# [What to work on]
Begin at the line that holds "A Cartoon Airplane" and retype every line through the end of the material, both included. Leave out the pictures.

# [Dataset excerpts]
== Segment start ==

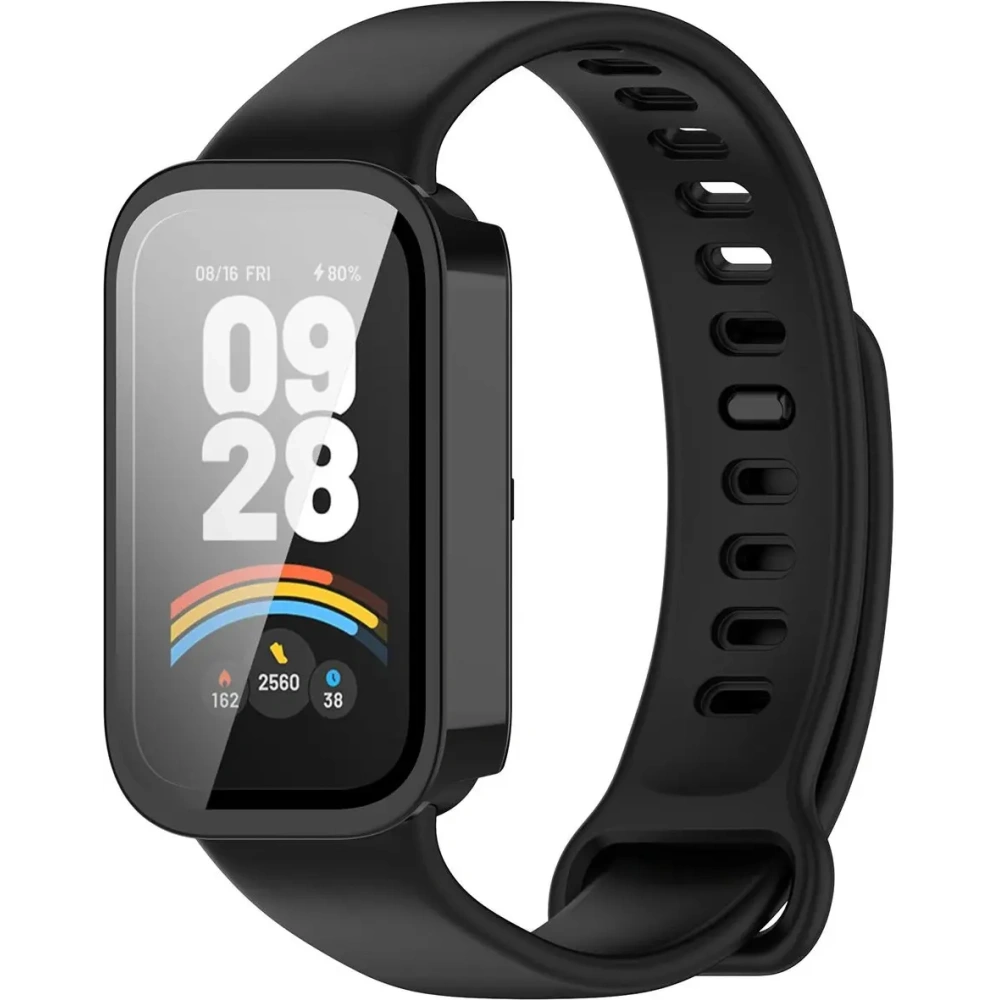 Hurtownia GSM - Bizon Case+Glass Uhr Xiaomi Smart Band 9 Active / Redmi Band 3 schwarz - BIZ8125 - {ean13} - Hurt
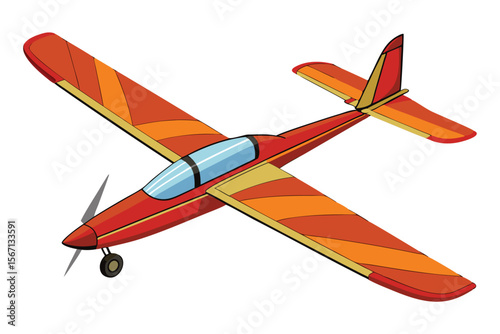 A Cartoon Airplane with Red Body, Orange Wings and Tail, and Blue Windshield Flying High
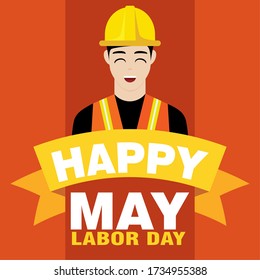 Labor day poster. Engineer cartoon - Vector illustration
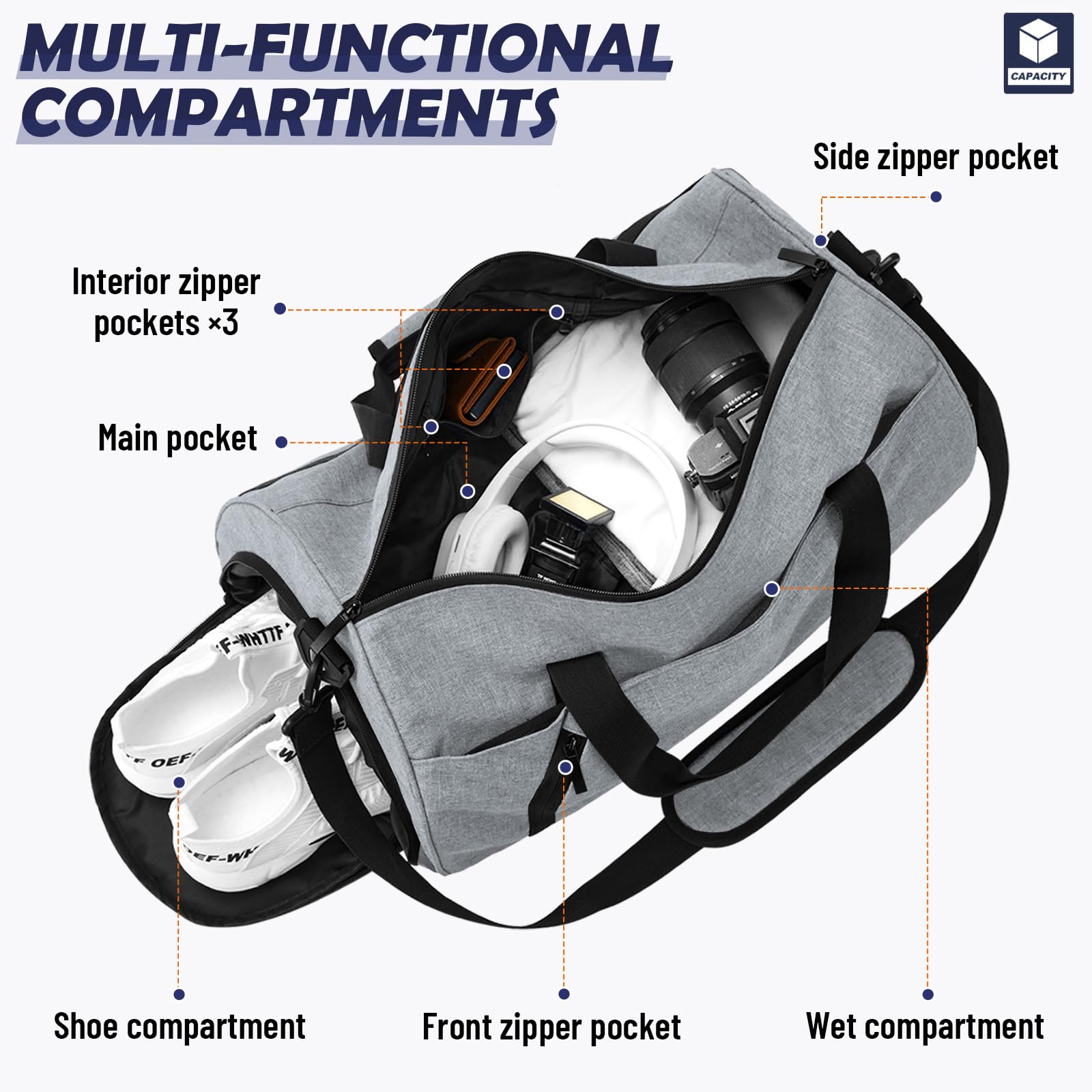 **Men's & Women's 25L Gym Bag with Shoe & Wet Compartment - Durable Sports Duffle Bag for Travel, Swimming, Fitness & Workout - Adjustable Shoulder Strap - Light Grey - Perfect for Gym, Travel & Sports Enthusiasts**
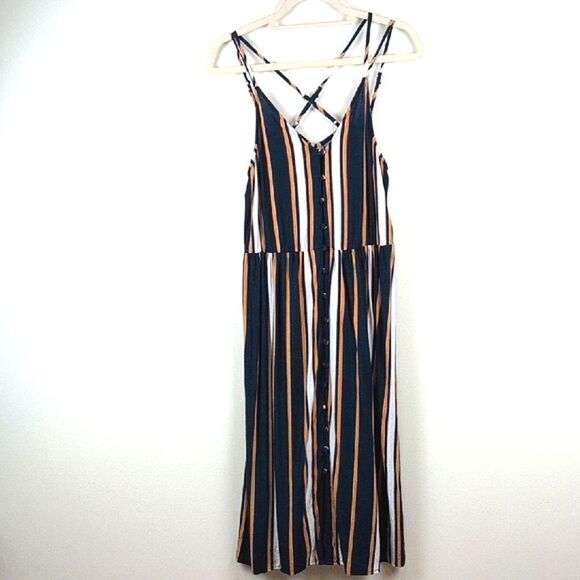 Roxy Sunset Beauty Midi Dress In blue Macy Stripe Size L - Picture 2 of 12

== Segment end ==

# [Task solution]
 A Cartoon Airplane with Red Body, Orange Wings and Tail, and Blue Windshield Flying High
 Labor day poster. Engineer cartoon - Vector illustration
 **Men's & Women's 25L Gym Bag with Shoe & Wet Compartment - Durable Sports Duffle Bag for Travel, Swimming, Fitness & Workout - Adjustable Shoulder Strap - Light Grey - Perfect for Gym, Travel & Sports Enthusiasts**
 Roxy Sunset Beauty Midi Dress In blue Macy Stripe Size L - Picture 2 of 12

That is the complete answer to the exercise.